BEGIN INFORMATION SUPPLIED

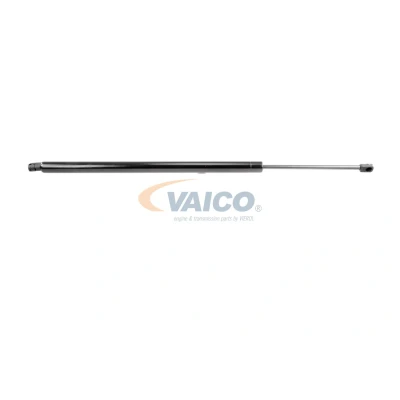 Imagem de VAICO V10 1991 Amortecedor da mala 970N Original Quality VOLKSWAGEN: Transporter 5 Bus,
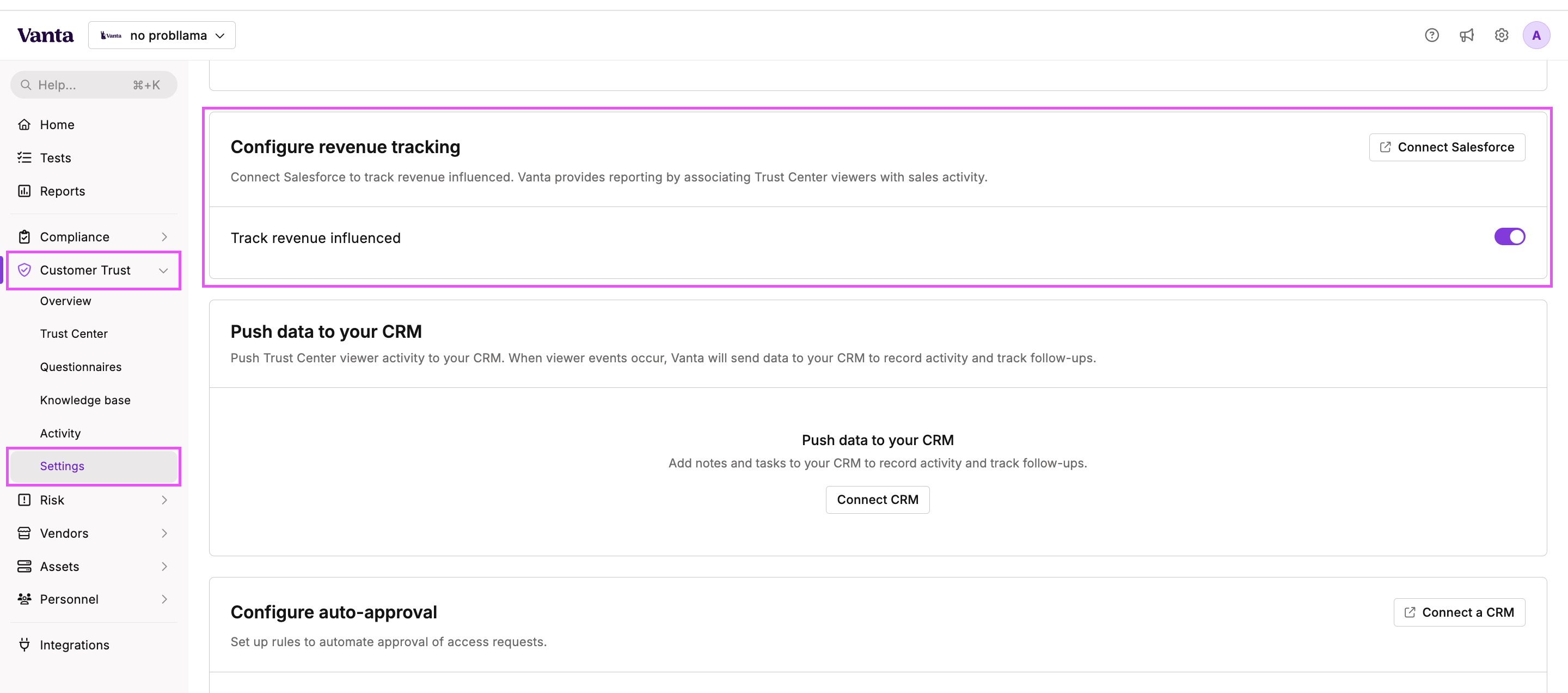 Screenshot 2025-03-04 at 1.40.51 PM.png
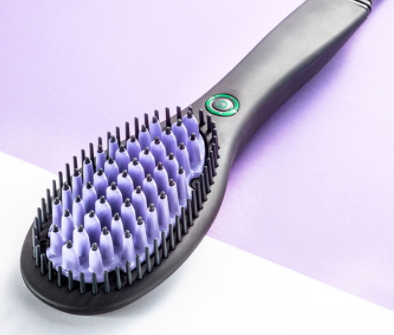 dafni直發(fā)梳怎么樣？dafni直發(fā)梳多少錢？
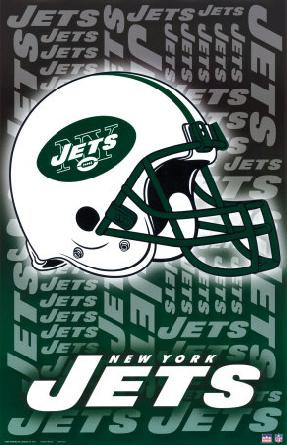 new york jets helmet tags football nfl helmet jets new york jets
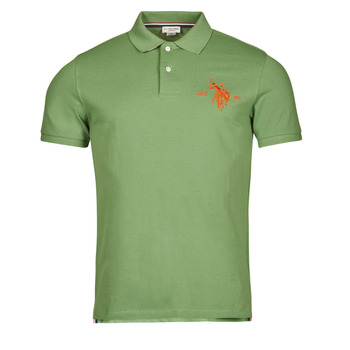 U.S Polo Assn. Polo COLLAR POLO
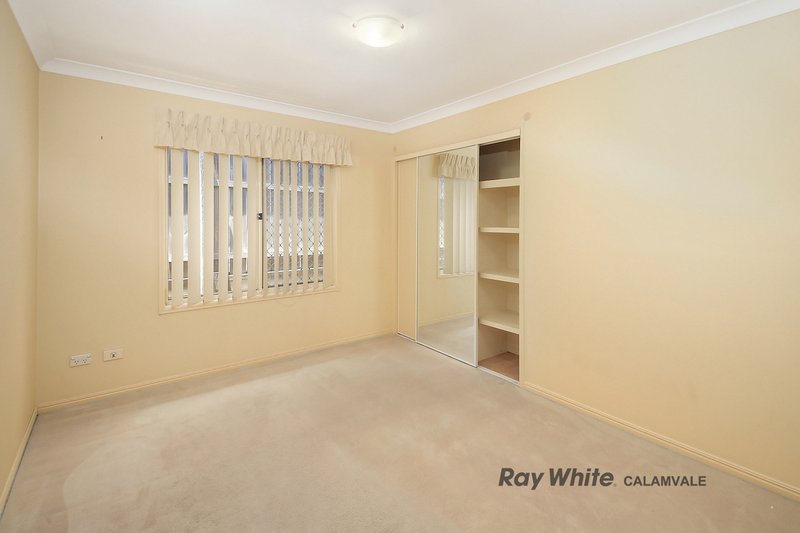 Photo - 23 Belmore Crescent, Forest Lake QLD 4078 - Image 11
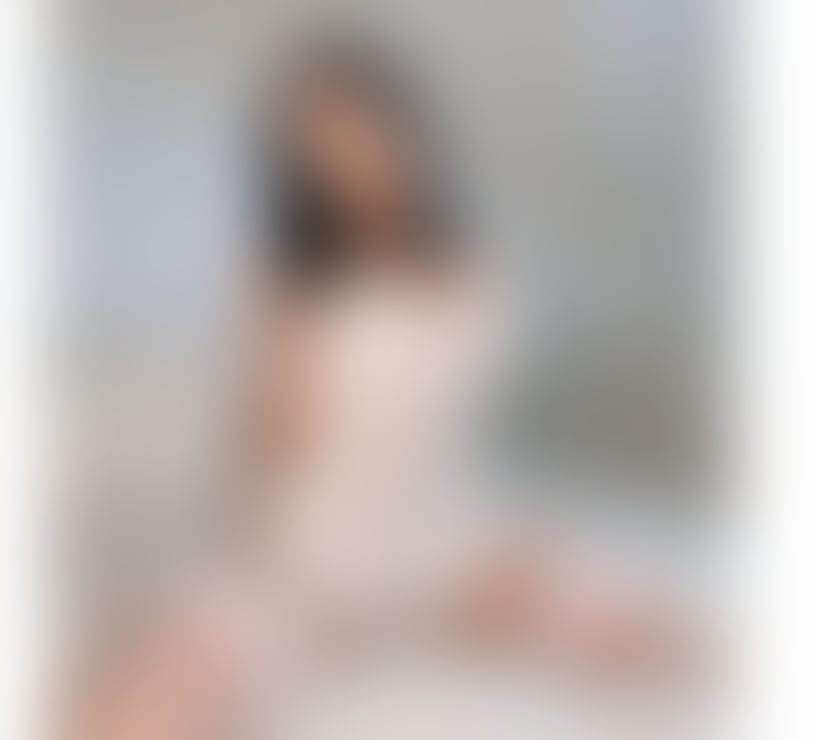 Escorts Hull Hull City Centre - Hull - Photos for REAL BRAZILIAN GFE🔥I’M HERE FOR YOU❤️TEXT ME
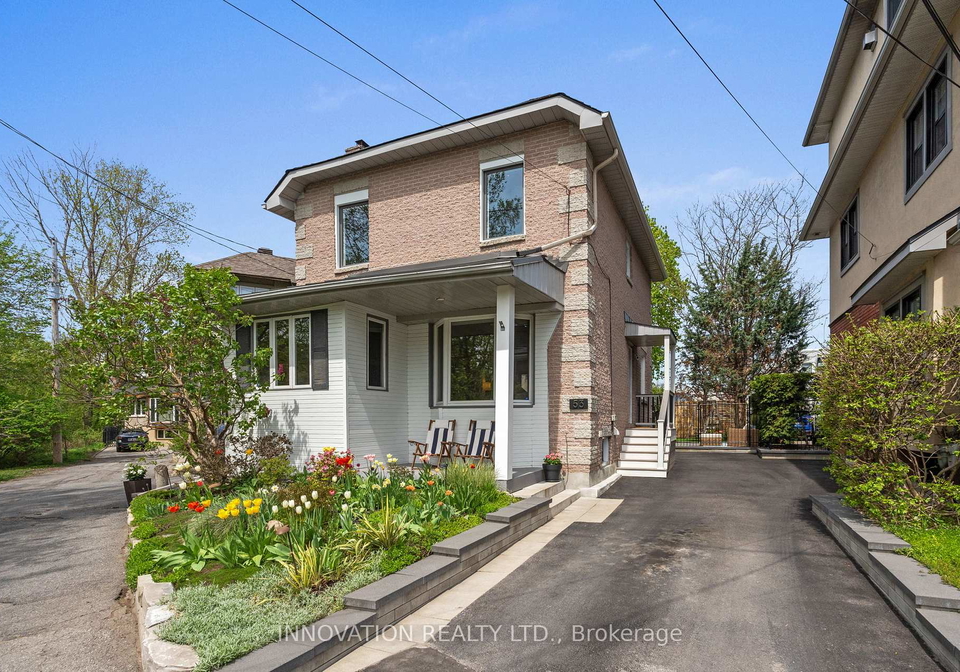 53-rosebery-avenue-n-ottawa-ontario-x12158258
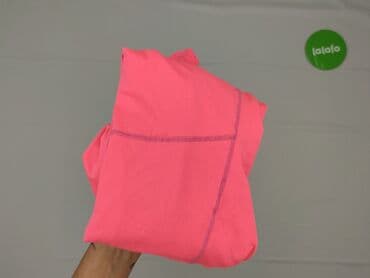 t shirty tech flece: H&M, Bluza z kapturem damska, rozmiar S — 6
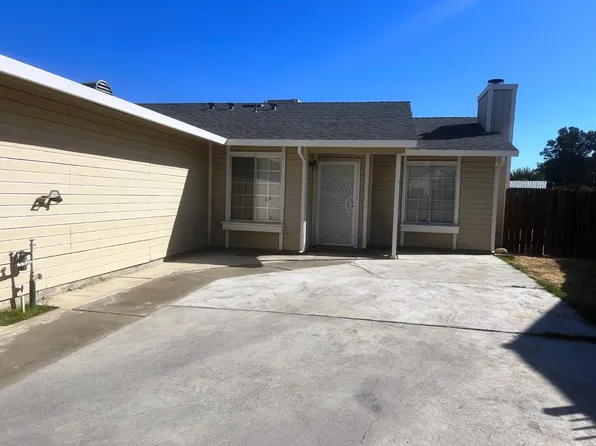 7225 Kari Ann Cir, Sacramento, CA 95824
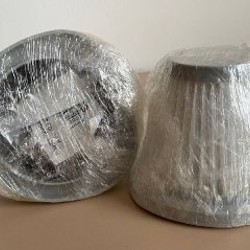 Магнитола с коннектором - фото 6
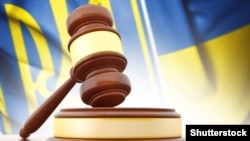 Суд засудив колишнього співробітника УДО Артема Косова до довічного позбавлення волі за умисне вбивство неповнолітнього Максима Матерухіна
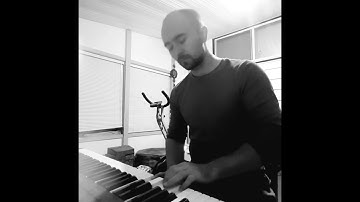 Virtua Fighter 2 Jacky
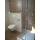 Hotel Vyhlídka Pozlovice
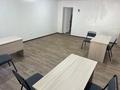 Кеңселер · 35 м², бағасы: 250 000 ₸ в Алматы, Алатауский р-н — фото 5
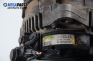 Алтернатор / генератор за Peugeot 206 Hatchback (08.1998 - 12.2012) 2.0 HDI 90, 90 к.с., № 96 353420 80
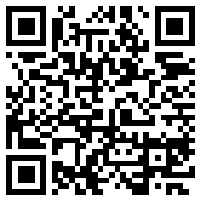 QR Code for bitcoin:litecoin:LiZ7XM5nm8w3kbVLsa1HXECpeHC3G8srXP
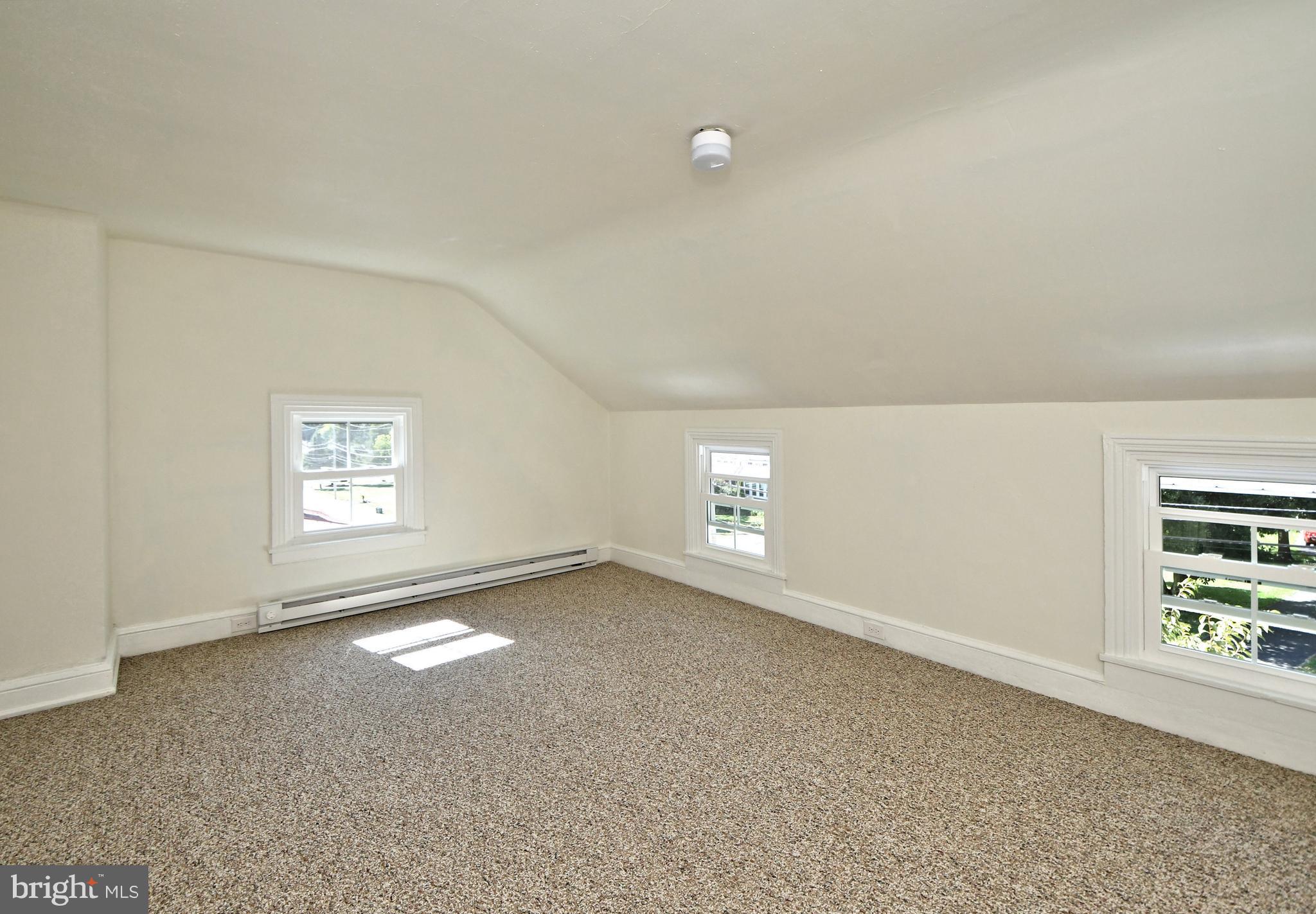 6332 East Valley Green Road Flourtown, PA 19031 - Photo 27 of 39 Gallery Image 27
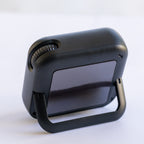 Fokus Uret til børn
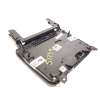 Recambio de mando multifuncion para citroën c4 lim. seduction referencia OEM IAM 98040782ZD  
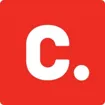 Logo for Change.org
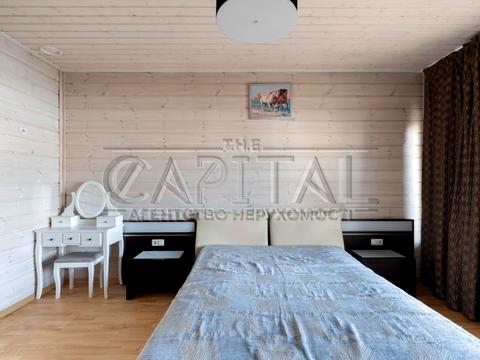 дом по адресу Садовая ул.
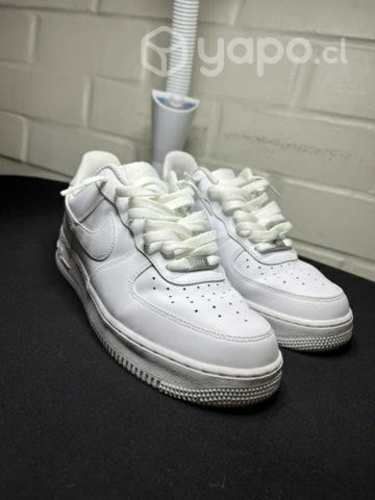 Nike Air Force 1 Original
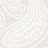 Обои Cole & Son The Contemporary Collection 95-2010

END INFORMATION SUPPLIED

### AIM OF THE TASK
In the records, the line containing "Logo for Change.org" starts the span and the final line ends it. Output exactly that span, both ends included, with no pictures and nothing else.

### WRITTEN ANSWER
 Logo for Change.org
 дом по адресу Садовая ул.
 Nike Air Force 1 Original
 Обои Cole & Son The Contemporary Collection 95-2010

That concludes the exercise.